2006 Conference General Sessions




Michael Williams
U.S. Dept. of Veterans Affairs
Atlanta VAMC

1670 Clairmont Rd. (151R)
Decatur GA 30033
Day Phone: 404-414-1507

Fax: 404-728-4837

Email: mike2488@yahoo.com

In order for visually impaired individuals to cross streets independently, they must be able to recognize that they have arrived at an intersecting street; determine the configuration of the intersection so that they can establish an optimal location, heading, and employ a reliable and safe procedure for crossing. It is also helpful to be able to determine or confirm the name of the intersecting streets. When intersections are familiar, some of this information may already be known. Much of this information is typically obtained by listening to traffic patterns and sounds of individual vehicles. Techniques and cues used in crossing streets are diverse and vary by location and individual. Many visually impaired pedestrians have received mobility instruction from an orientation and mobility (O&M) specialist to use a cane and/or dog guide to travel independently. In the most common technique utilized for crossing at signalized intersections, pedestrians who are blind begin to cross the street when there is a surge of traffic parallel to their direction of travel. Vehicular
sounds are often sufficient to determine the onset of the WALK interval and the direction to the crosswalk on the opposite side of the street. A large number of travelers who are blind cross streets safely and independently most of the time. Nonetheless, there are many intersections that blind individuals consider to be unsafe for crossing without the assistance of a human guide. Individual differences in impairments, mobility skills, abilities, and personality as well as the environmental situation determine which streets any individual will choose to cross independently.

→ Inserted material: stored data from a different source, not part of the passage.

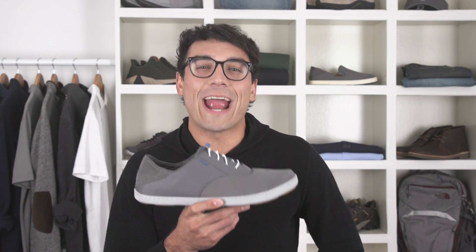Reason number two: the removable and totally washable footbed built with a polyurethane gel insert for anatomical contouring and a quick dry cover. It's a bonafide bundle of comfort and convenience.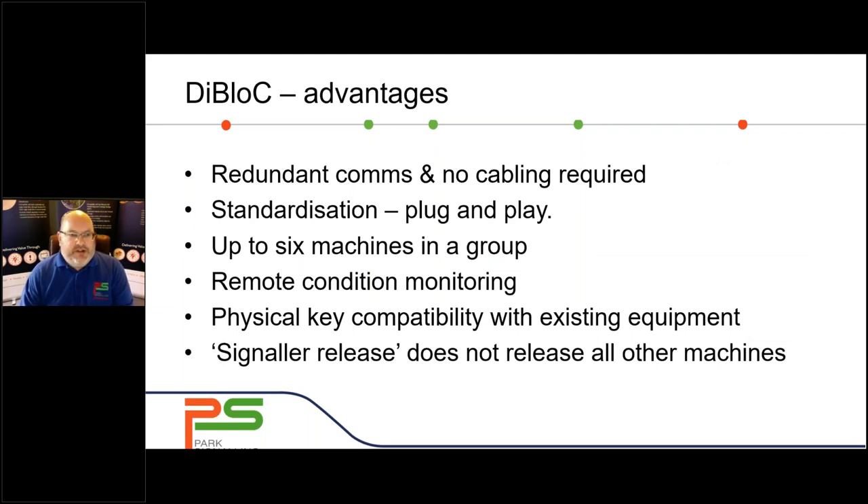The key advantage that the Diablock system has over traditional key token machines is there's no cabling required. You don't have copper cable travelling between token machines, no risk of theft, no risk of damage or degradation, and no expense of laying and maintaining it. It's all done via comms. As long as you've got access to comms of any type — 2G, 3G, 4G, FTN, fibre, whatever — it will work. The machines themselves are standardised; it's the programming that configures them for a particular location. In effect, they're plug and play, and you can keep a spare unit in storage, configured through an SD card.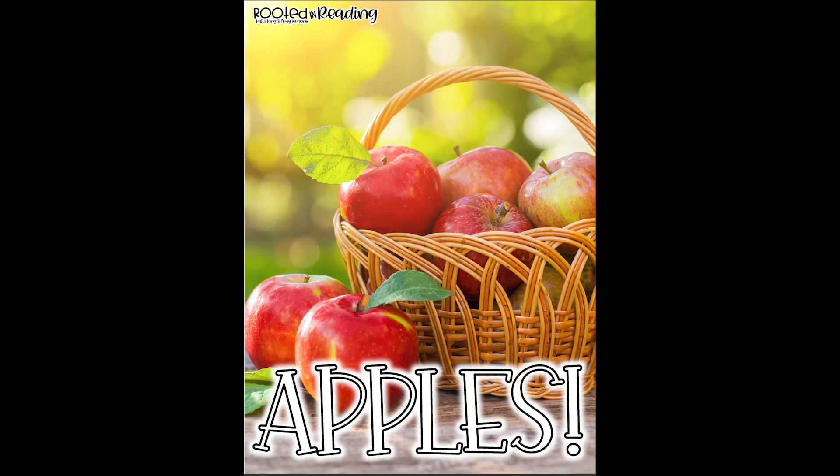Wow, look at that basket full of apples. Today we're going to read a nonfiction story about apples. Look what you notice. Do you notice that this picture does not look like somebody drew it? It looks like a real picture.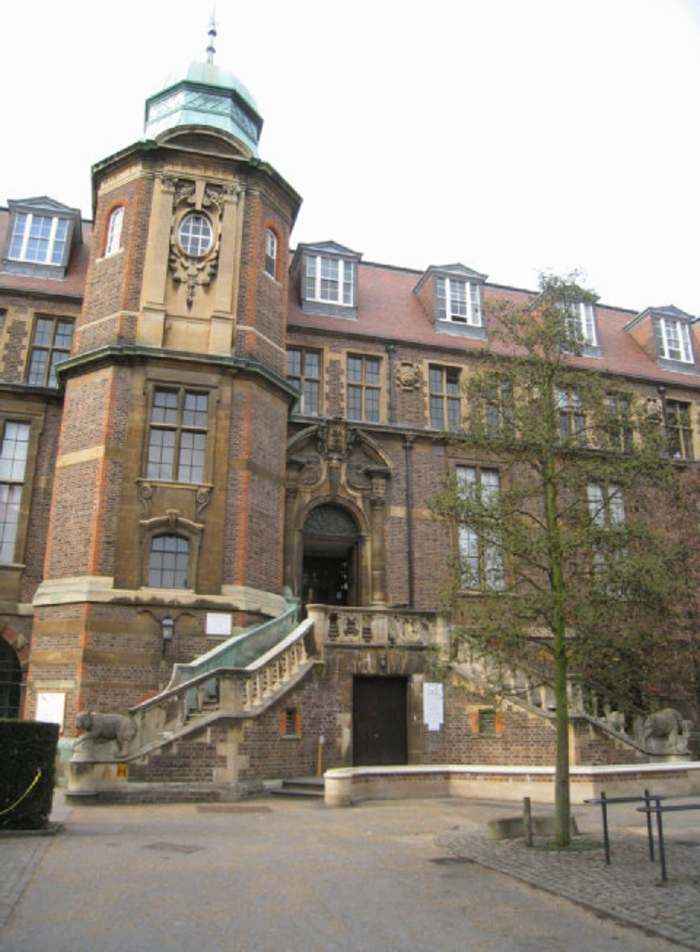Dr. John Woodward collected and catalogued over 35 years nearly 10,000 specimens in five walnut cabinets, two of which he bequeathed to the university in his will. The university later purchased another two, and the fifth was added in the 1840s. The cabinets are still in use today.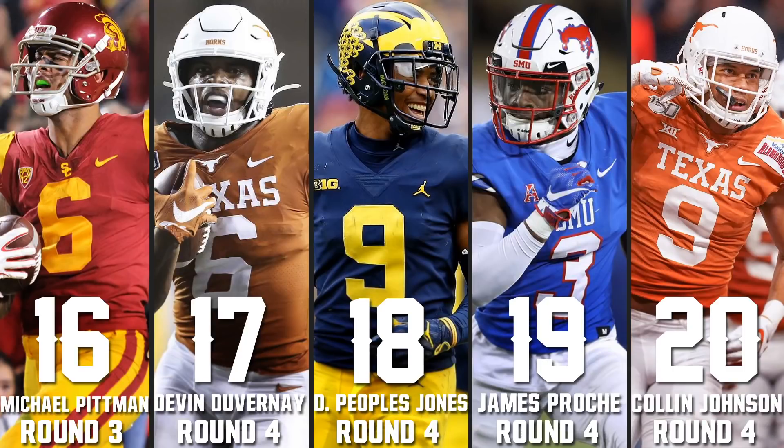Michael Pittman is 16 with a round-three grade. I'm a little lower on him than others who have him near the top 10. He's a dominant contested catcher with great hands and solid after the catch. I wish I saw a little more of a route tree, but it's just that this receiver class is really good. Devin Duvernay at 17 will be a very safe pick in round four — a solid slot receiver with excellent hands and good speed and twitchiness. He can break some tackles after the catch because he's built like a running back.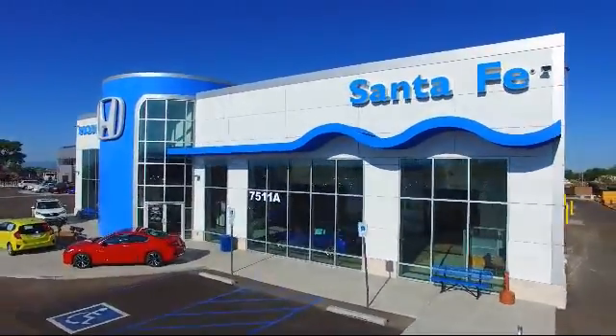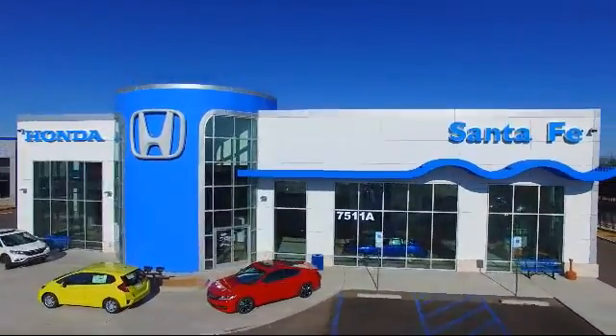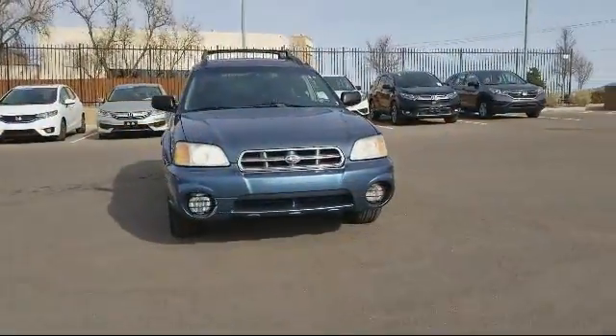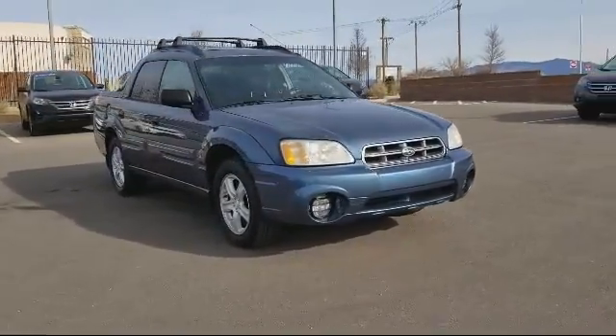Welcome to Honda of Santa Fe. Here's a look at another one of our fine vehicles from our great selection. It comes equipped with keyless entry, moonroof, roof rack, air conditioning, fog lights, and power windows.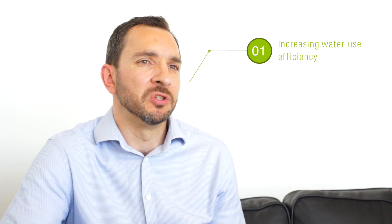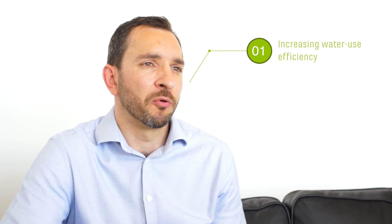In response to these challenges, Olam has developed a four-step strategy. The first step is about increasing water use efficiency from agricultural operations and from our own processing and manufacturing operations.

The effects of two types of accessible pedestrian signals on the street crossing behavior of 24 totally blind participants were directly compared in this research. One accessible pedestrian signal CAPS) used a sound generator and vibrating hardware, which were integrated into the pedestrian push button (Polara). These sounds were heard from the near vicinity of the push button, and a different message or repetition rate was used to indicate the WALK interval. The second ASS used pulsing LEDs to illuminate the message in the pedestrian signal headcombined with an IR beacon to transmit a message to a hand held receiver carried by the blind traveler (Relume). The hand held receiver provided a “Walk” or “Wait” message designated by variable tones, which was only audible to the user. A control condition consisted of crossing without any ASS device. Data were collected on: crossing speed; latency from the start of the walk and entering the crosswalk; the number of cycles missed and accuracy of the crossing. A within subjects design was employed with crossing randomized for condition, direction of crossing. The treatments were placed at two adjacent intersections for the first half of the participants and then switched for the second half of the participants to eliminate a location effect.

Results indicated that the time to cross the street was significantly shorter when participants used the hand held device then when they used the audible push button device or crossed without any ASS. There was no significant difference in crossing time between the audible push button device and the control condition. Crossing time with the audible push button device did not differ significantly from crossing time without any ASS device. Latency to start crossing was significantly faster when participants used the handheld device than either the audible push button or when crossing without an ASS in the control condition. The audible push button device was also associated with a significantly shorter latency than the control condition. Data on the accuracy of the crossing indicated much greater variation in crossing accuracy with the audible push button device than with the hand held device or control condition. The number of missed cycles was significantly lower with both ASS devices than when the person crossed without an ASS and there was no difference between either ASS device. An equal percentage of participants (45%) favored each of the two ASS devices and 5% preferred both equally while 5% favored crossing without either of the ASS devices.